What level of mathematics are you looking at? When you say discrete math is this an undergrad course for general students, math majors or a grad course?
My experience has been that for undergrad courses for general students it was enough to make sure they DID their homework whether or not they collaborated seemed to make little difference as an indicator of test performance.
For grad courses the problems were usually hard enough that we would collaborate and just each write up our own solution. That again would usually be enough to distinguish between those that actually came up with the solutions vs. those that just listened to them.
I think the trickiest part is math majors. There the problems might be easy enough to be fairly easy to copy while still being hard enough that you want to the students to do more then just write them down.
EDIT In response to clarified/amended OP.
When I TA'd/taught I would grade in a very minimalist way (choose 5 problems and grade them 0/1 add that up and add up to 2 points for neatness and up to 3 points for completeness). In this case I felt that whether or not they collaborated was not particularly important with regards to the homework grade (which would usually comprise at most 20% of their course grade). This is usually appropriate if each problem is fairly easy (derivatives, integrals, combinations, permutations etc.).

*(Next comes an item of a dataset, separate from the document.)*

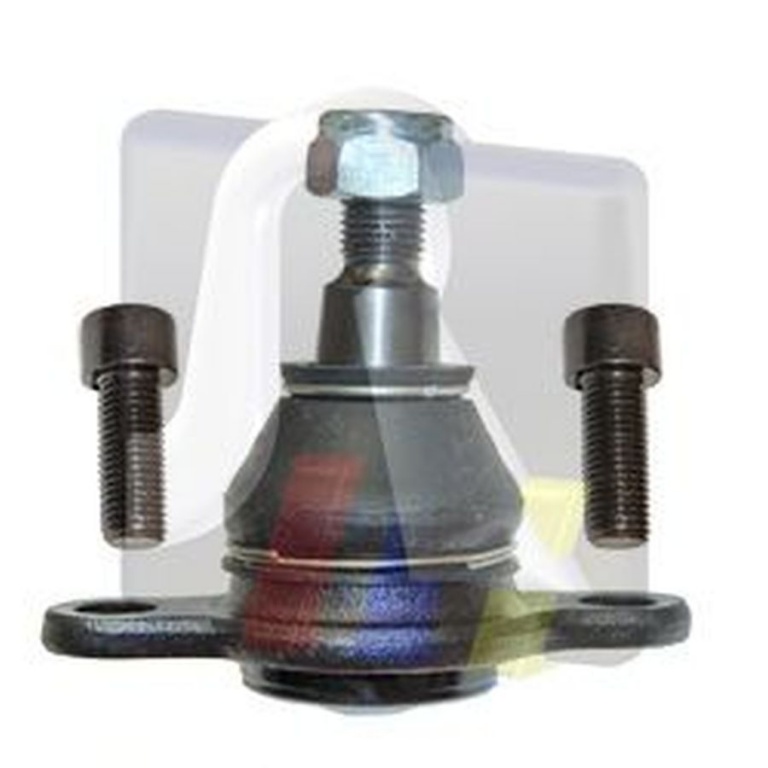 Pivot VW MULTIVAN V 7HM 7HN 7HF 7EF 7EM 7EN RTS 93.90918.056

If the problems are hard enough to necessitate a decent write up (a page+ in mathematical notation) you can probably get away with letting the students collaborate and insist they write the problems up separately. This works better then you would expect since usually they come up with the solution together, but actually do write them up separately (copy and paste would be obvious and since they've got their notes it's easy enough to write up on their own right? wrong) and that surprisingly gives you more then enough to grade since if they didn't understand the solution properly they will make mistakes in the write up.
I still think there is a middle ground here where the problems aren't quite hard enough for write ups to make a difference yet they are hard enough that just checking they copied it down correctly isn't enough. I admit I don't know what to do then.